# INSTRUCTIONS TO FOLLOW
Return the records from the first line through the line containing "AFFINITY GUIDE! WHERE", and leave out the pictures.

<<<<

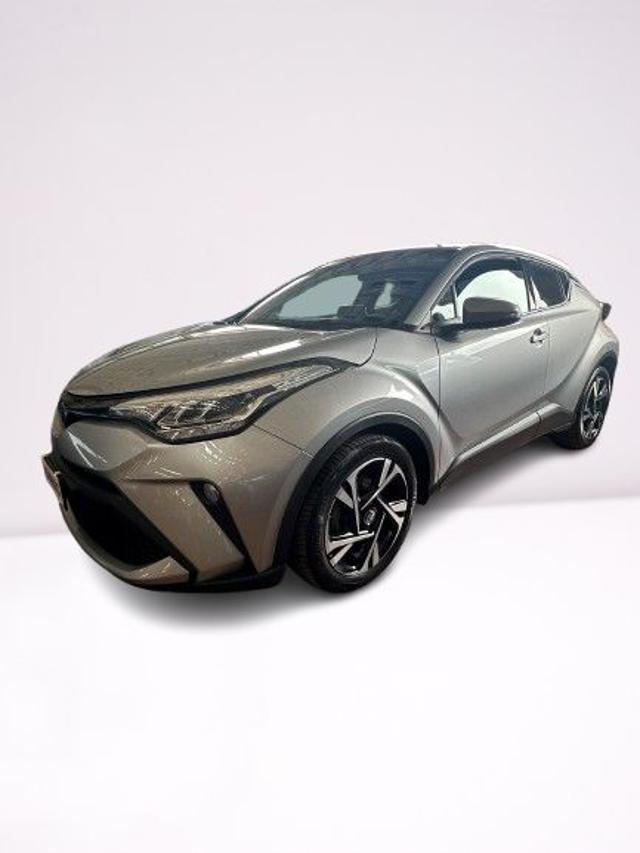 TOYOTA C-HR 2.0 Hybrid E-CVT Morebusiness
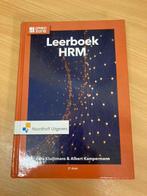 Leerboek HRM, Boeken, Ophalen of Verzenden, Zo goed als nieuw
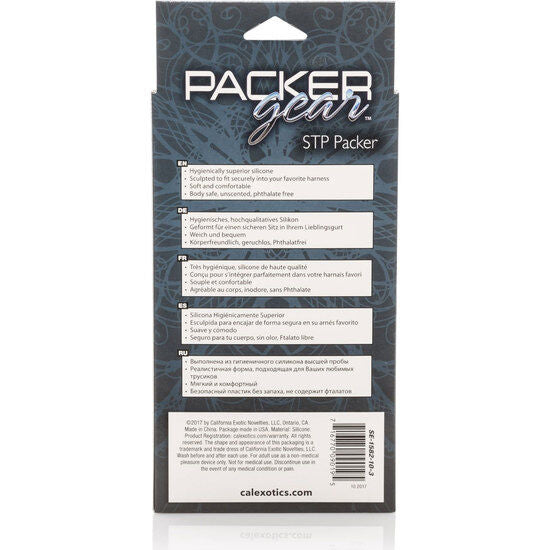 CALEXOTICS - SUPPORT POUR PEE PACKER BROWN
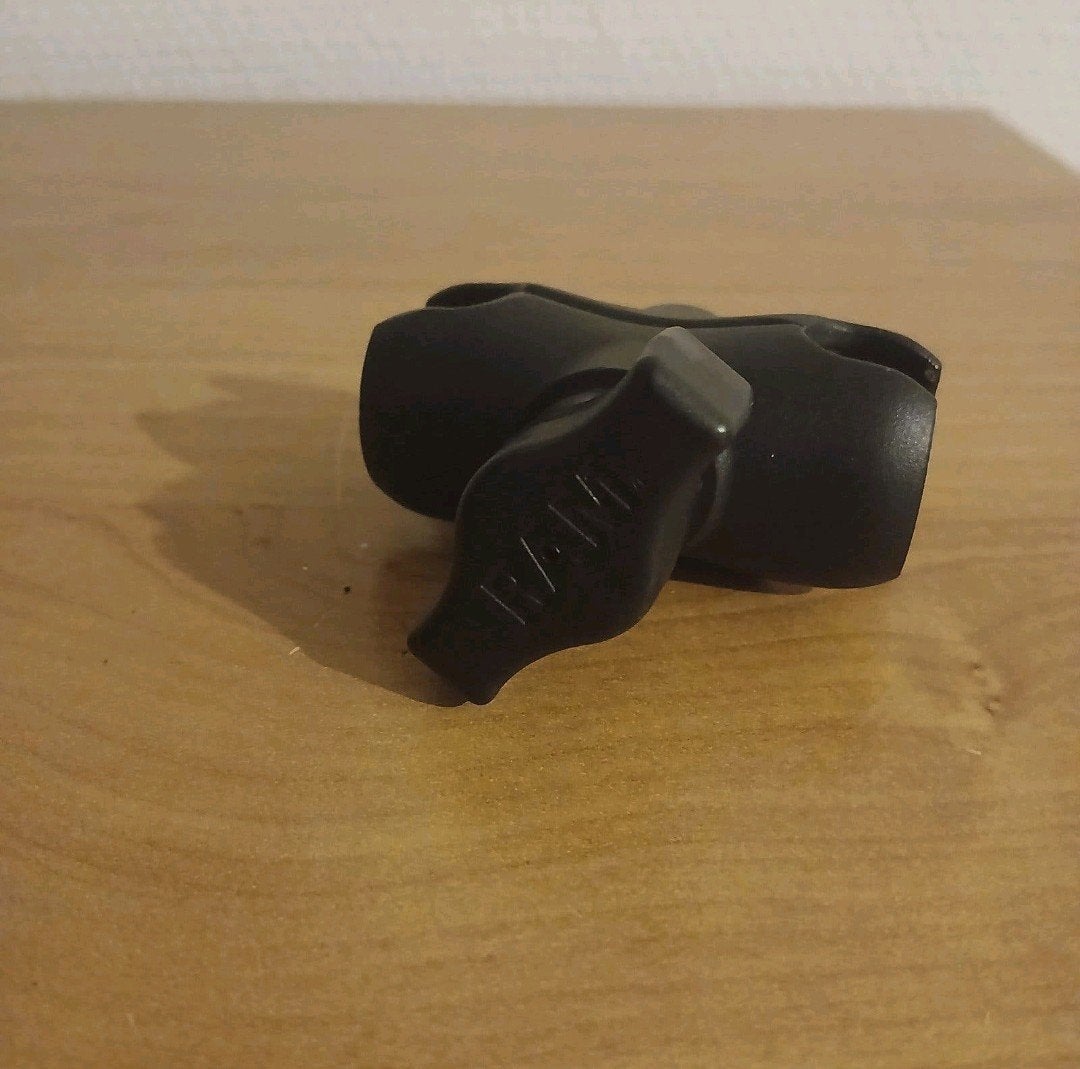 Orginele ram mount klem +- 6 cm, Ophalen of Verzenden, Zo goed als nieuw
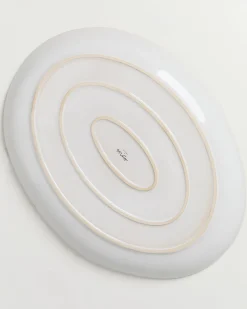 Motel a Miio Areia Servierplatte XL oval aqua New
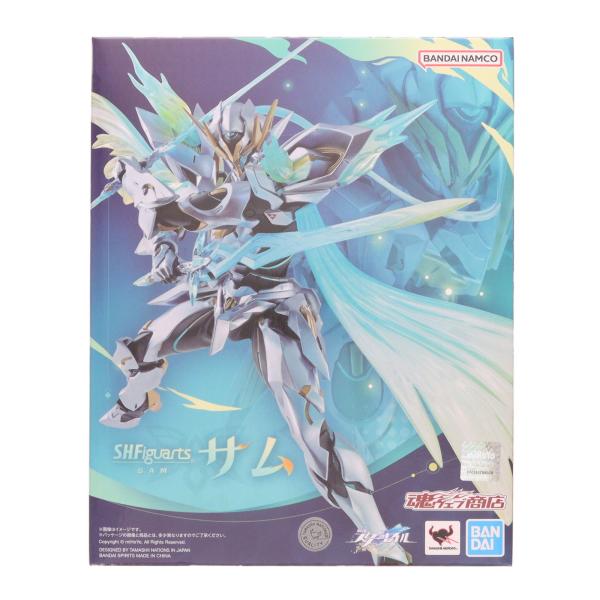 中古即納』{FIG} 魂ウェブ商店限定 S.H.Figuarts(フィギュアーツ) サム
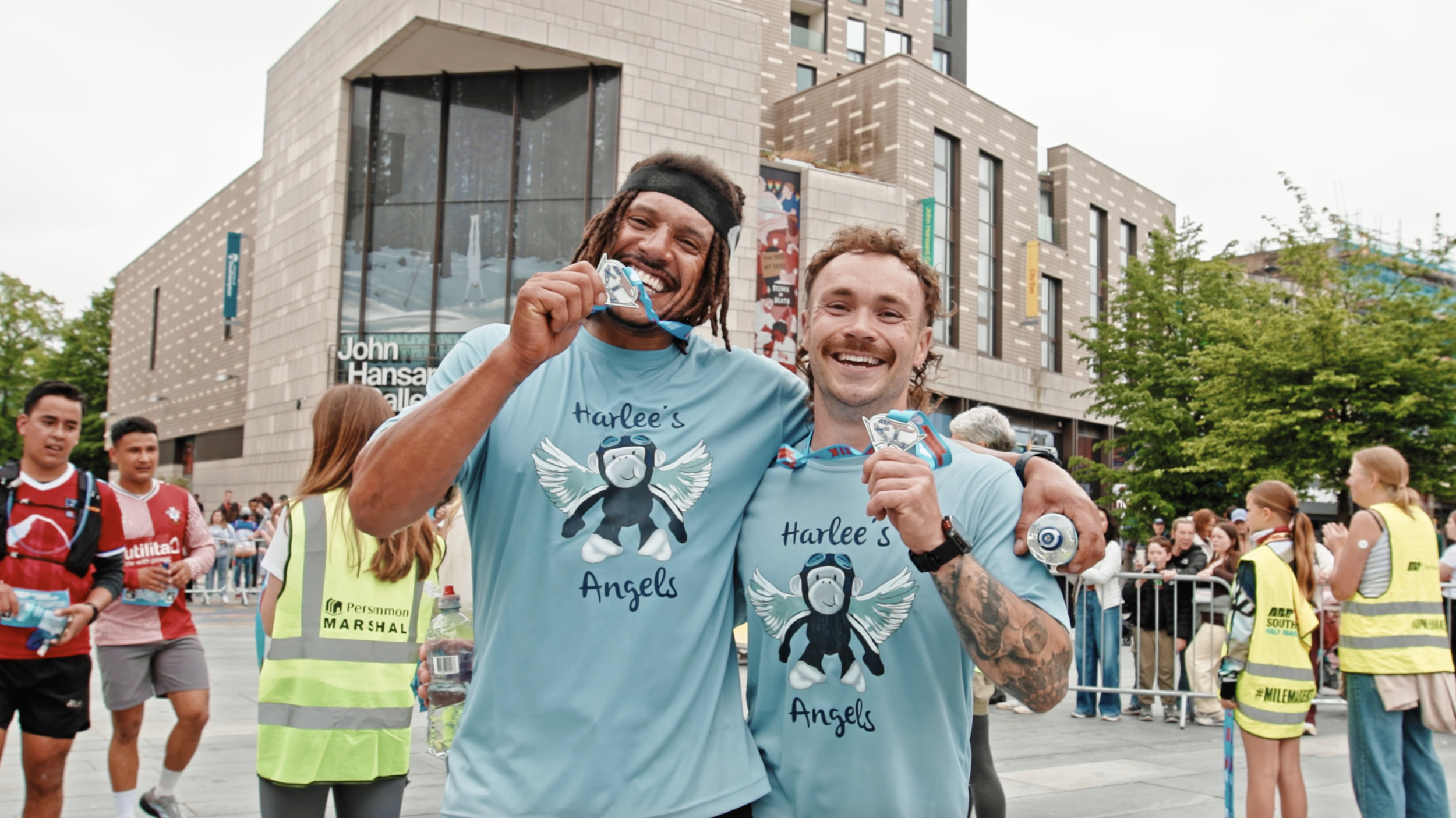 ABP SOUTHAMPTON MARATHON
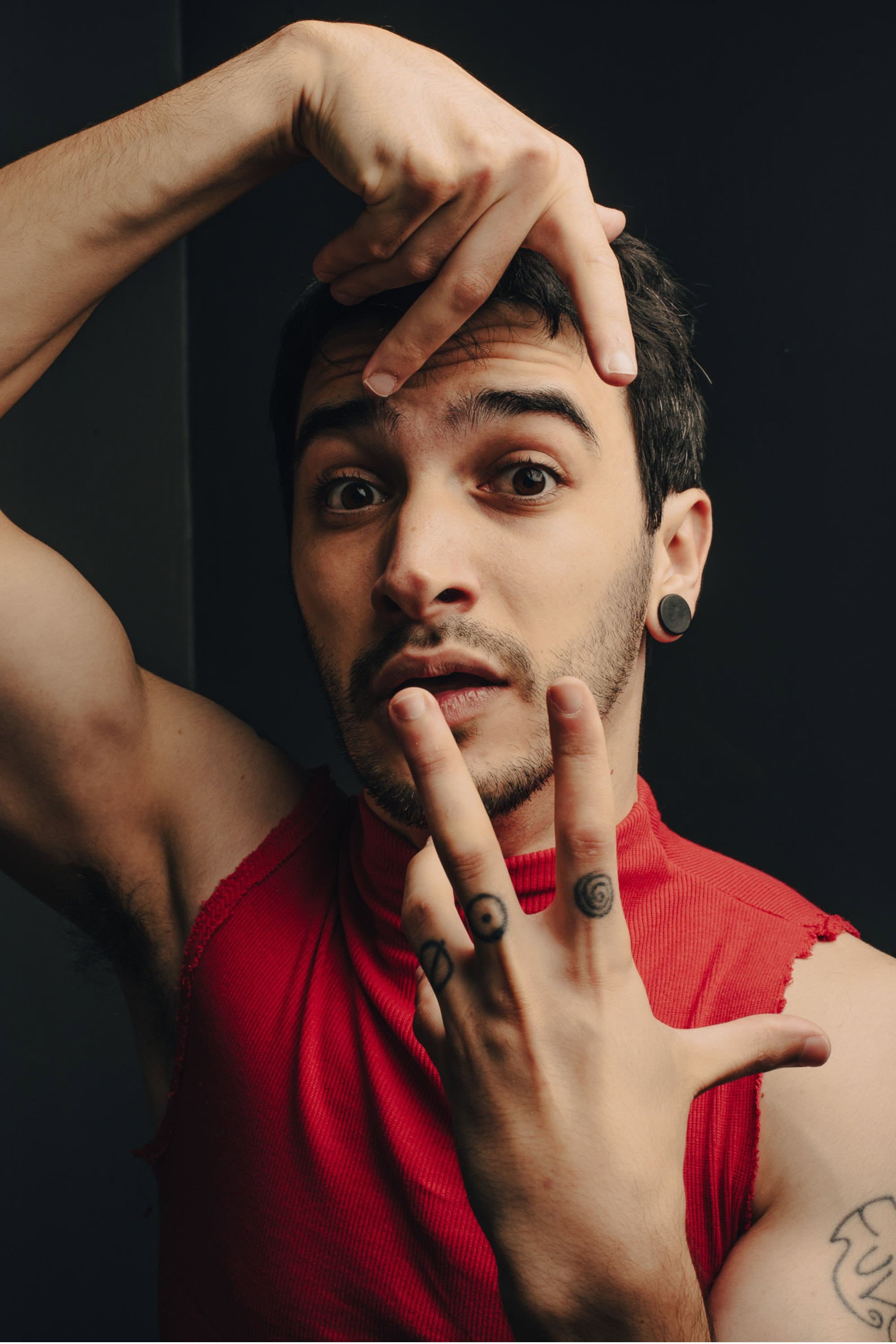 Victor Di Marco profile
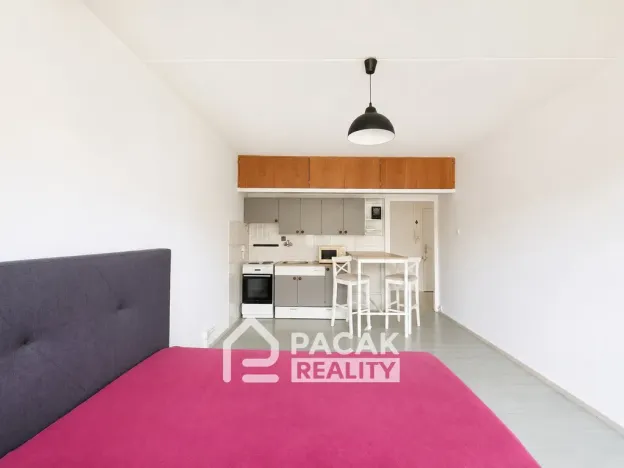 Pronájem bytu 2+kk, Olomouc - Nová Ulice, Za vodojemem, 50 m2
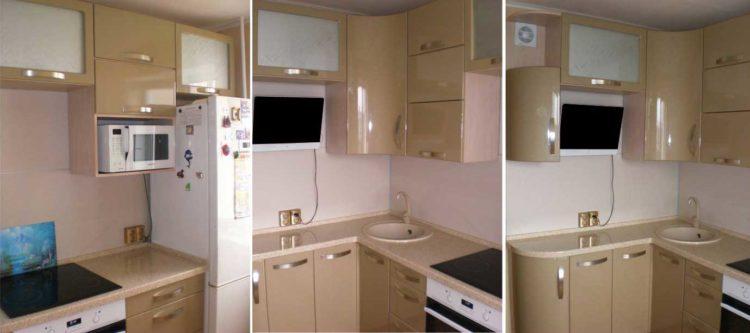 200 идей дизайна интерьера угловых кухонь с фото ?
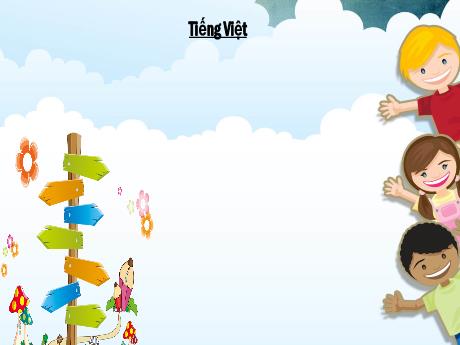 Bài giảng Tiếng Việt Lớp 1 (Kết nối tri thức) - Chủ đề 2: Mái ấm gia đình - Bài: Ngôi nhà - Năm học 2023-2024 - Lê Thị Kim Hiên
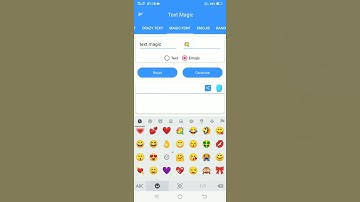All new added ultimate text magic feature Get the latest version with reformed new text magic.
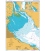 British Admiralty Nautical Chart 3561 La Plata to Nueva Palmira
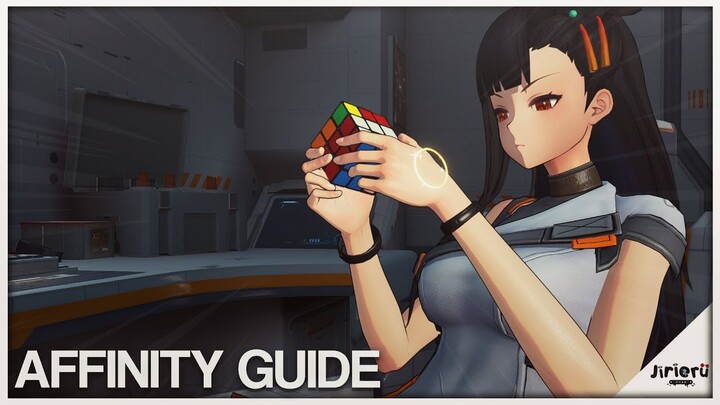 AFFINITY GUIDE! WHERE TO FARM AFFINITY GIFTS! | Girls' Frontline 2: Exilium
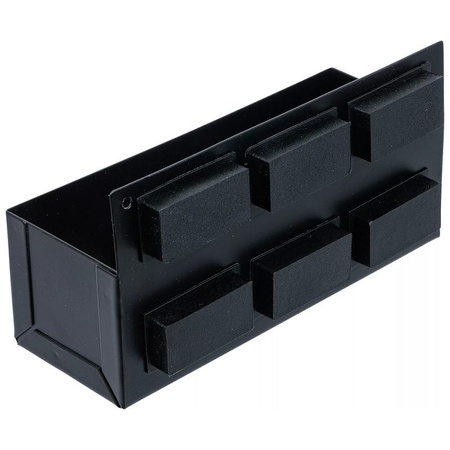 Magnetyczna półka na spray’e 210 mm, BGS 67156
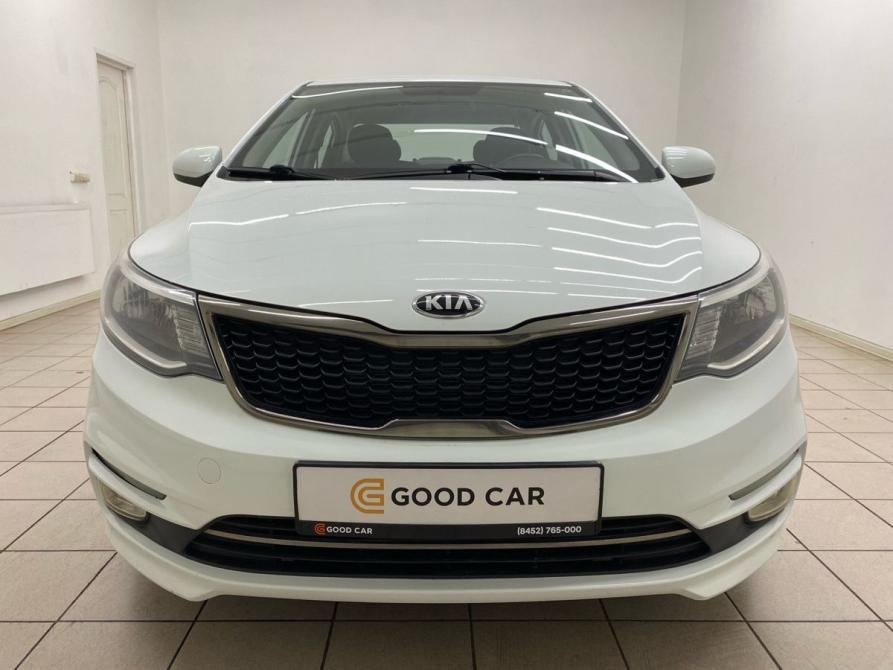 Kia Rio III Рестайлинг Энгельс  - изображение 2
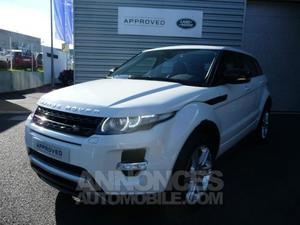 Land Rover Range Rover Evoque 2.2 Td4 Dynamic BVA blanc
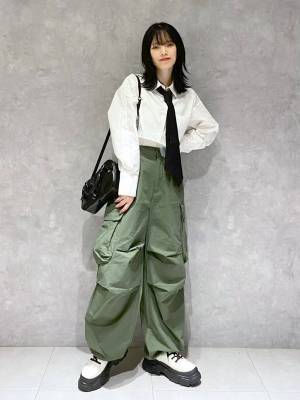 真似するだけでオシャレ♡【ネクタイ】を使った「最旬コーデ術」って？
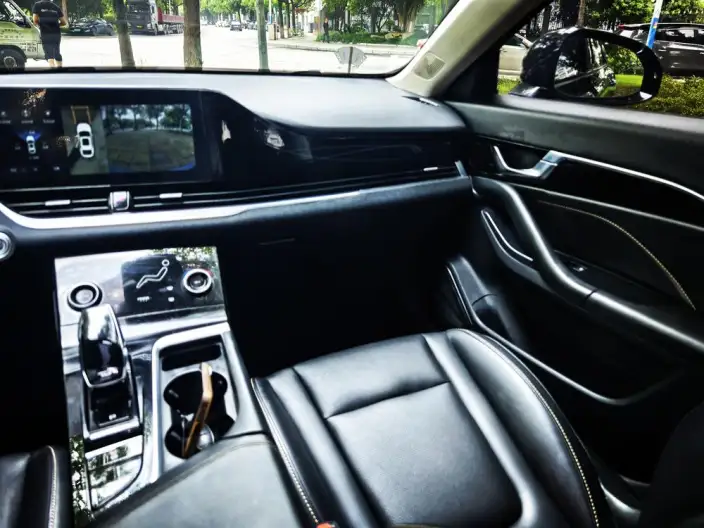 BESTUNE B70 2023 Model Third generation 1.5T Automatic Changxiang Edition Model – фото 7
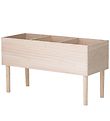 Bloomingville Bookcase - Douve - Wood - 50x91x35 cm - Natural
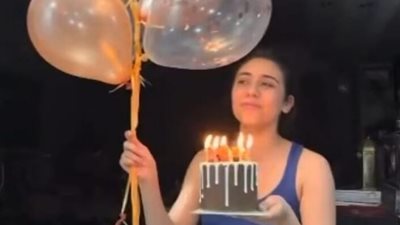 بعد حادث ميرنا.. الغرف التجارية تحذر من بلالين الهيليوم وسبراي أعياد الميلاد| فيديو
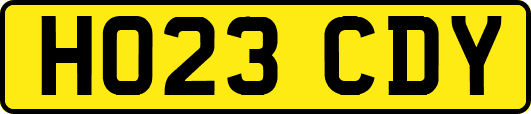 HO23CDY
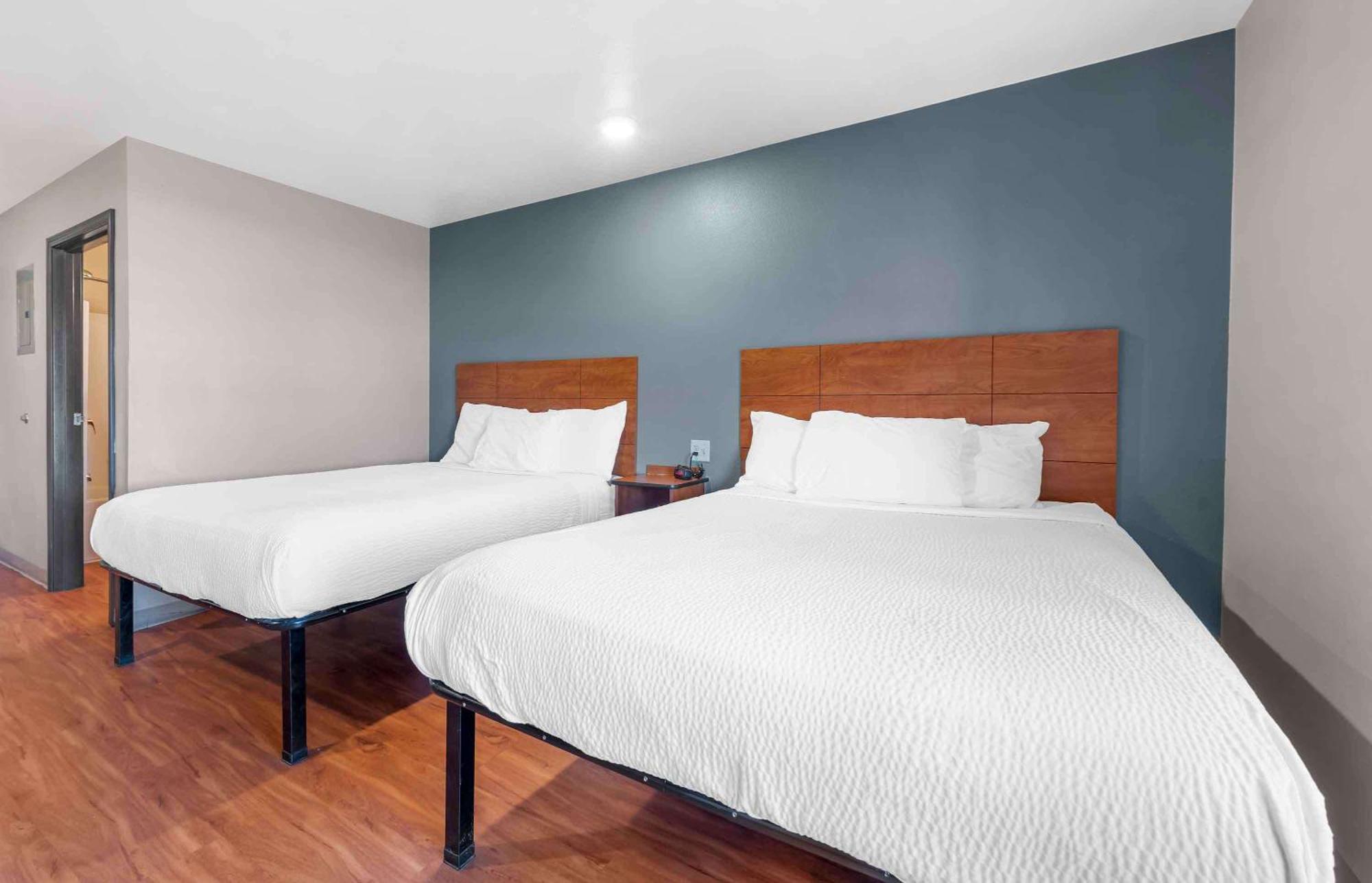 Extended Stay America Select Suites - קולורדו ספרינגס מראה חיצוני תמונה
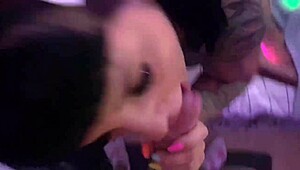 amateurs have dirty sex in lingerie reality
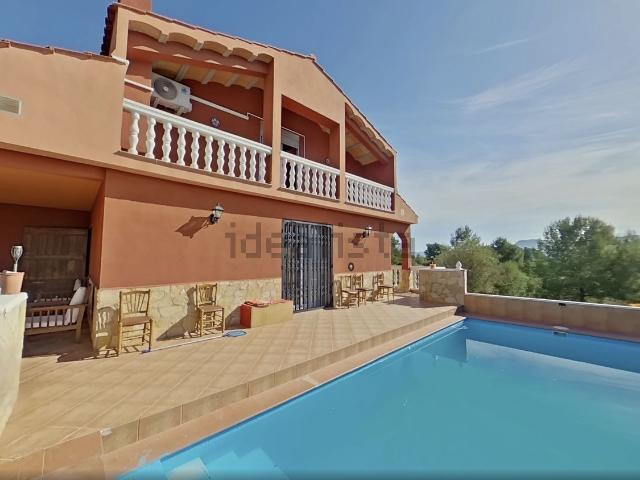 Chalet, Alcora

>>>>

# ANSWER FOR THE TASK
 TOYOTA C-HR 2.0 Hybrid E-CVT Morebusiness
 Leerboek HRM, Boeken, Ophalen of Verzenden, Zo goed als nieuw
 CALEXOTICS - SUPPORT POUR PEE PACKER BROWN
 Orginele ram mount klem +- 6 cm, Ophalen of Verzenden, Zo goed als nieuw
 Motel a Miio Areia Servierplatte XL oval aqua New
 中古即納』{FIG} 魂ウェブ商店限定 S.H.Figuarts(フィギュアーツ) サム
 ABP SOUTHAMPTON MARATHON
 Victor Di Marco profile
 Pronájem bytu 2+kk, Olomouc - Nová Ulice, Za vodojemem, 50 m2
 200 идей дизайна интерьера угловых кухонь с фото ?
 Bài giảng Tiếng Việt Lớp 1 (Kết nối tri thức) - Chủ đề 2: Mái ấm gia đình - Bài: Ngôi nhà - Năm học 2023-2024 - Lê Thị Kim Hiên
All new added ultimate text magic feature Get the latest version with reformed new text magic.
 British Admiralty Nautical Chart 3561 La Plata to Nueva Palmira
 AFFINITY GUIDE! WHERE TO FARM AFFINITY GIFTS! | Girls' Frontline 2: Exilium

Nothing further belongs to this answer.